Le Congrès juif européen (CJE) s’est dit « préoccupé » par la montée de l’antisémitisme qu’il observe en Pologne et par la « détérioration » des relations entre le gouvernement conservateur nationaliste polonais et la communauté juive, dans un communiqué diffusé jeudi.

Dans une condamnation exceptionnellement sévère, le Congrès juif européen (CJE) affirme que le gouvernement polonais montre une « absence de préoccupation étonnante » vis-à-vis de l’antisémitisme et qu’elle utilise de manière « transparente la tactique diviser pour mieux régner » envers les Juifs.

« Nous avons récemment observé une hausse spectaculaire (du nombre) d’incidents antisémites en Pologne, qui semblent coïncider avec la rupture par le gouvernement polonais de la communication avec les représentants officiels de la communauté juive », a regretté Moshe Kantor, le président du CJE, dans ce communiqué rendu public à Bruxelles.

La déclaration jeudi suit une querelle ouverte entre les dirigeants juifs polonais sur la question de savoir si la Pologne a connu une hausse des incidents ou du sentiment antisémite depuis la montée en puissance du parti nationaliste Droit et Justice en 2015.

La déclaration du CJE apporte son soutien aux affiliés polonais de l’organisation, à l’Union des communautés juives de Pologne et à la Communauté juive de Varsovie dans leur conflit contre d’autres organisations juives en Pologne.

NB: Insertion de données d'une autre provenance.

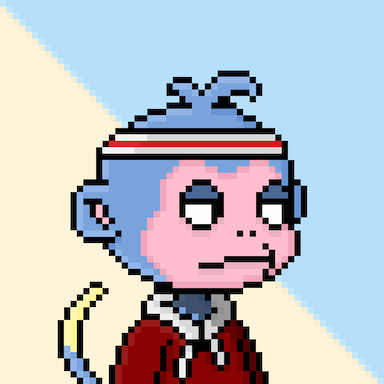 MonkeyHood #6543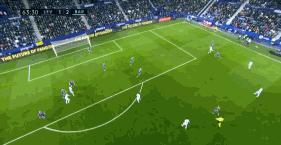 3-2，7连胜！欧冠豪门踢疯了，造64%控球+11射门，告别梅西依赖症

Le conflit a éclaté plus tôt ce mois-ci, lorsque les dirigeants des groupes affiliés au CJE ont accusé le gouvernement d’avoir permis, sinon encouragé, une augmentation présumée de l’antisémitisme. D’autres dirigeants juifs ont contesté cette affirmation en expliquant que cette accusation était une tactique partisane contre le parti au pouvoir par les affiliés du CJE.

« Le CJE note l’absence de préoccupation étonnante du gouvernement de la Pologne envers la croissance et la normalisation de la rhétorique antisémite et xénophobe dans le pays ces derniers temps », indique le communiqué.

Le Congrès juif européen s’inquiète particulièrement de « slogans fascistes » et de drapeaux de groupements d’extrême droite « apparaissant régulièrement aux cérémonies d’Etat », ainsi que de cas de propos antisémites dans des médias publics et sociaux.

Selon le CJE, depuis un an environ aucun ministre polonais n’a rencontré de responsables de l’Union des communautés juives de Pologne, l’organisation « représentative » des moins de 10 000 personnes que compte la communauté juive dans ce pays de 38 millions d’habitants.

L’utilisation « transparente de la tactique diviser pour mieux régner des cadres du parti Droit et Justice, en cherchant à choisir ses interlocuteurs juifs sélectionnés au détriment des dirigeants des organisations communautaires officielles et représentatives en Pologne nous laisse pantois et nous rappelle des temps beaucoup plus sombres en Europe, quand les gouvernements ont choisi leurs Juifs. »

Dans son communiqué, M. Kantor espère que le gouvernement polonais va « contenir cette haine et agir avec force contre elle ».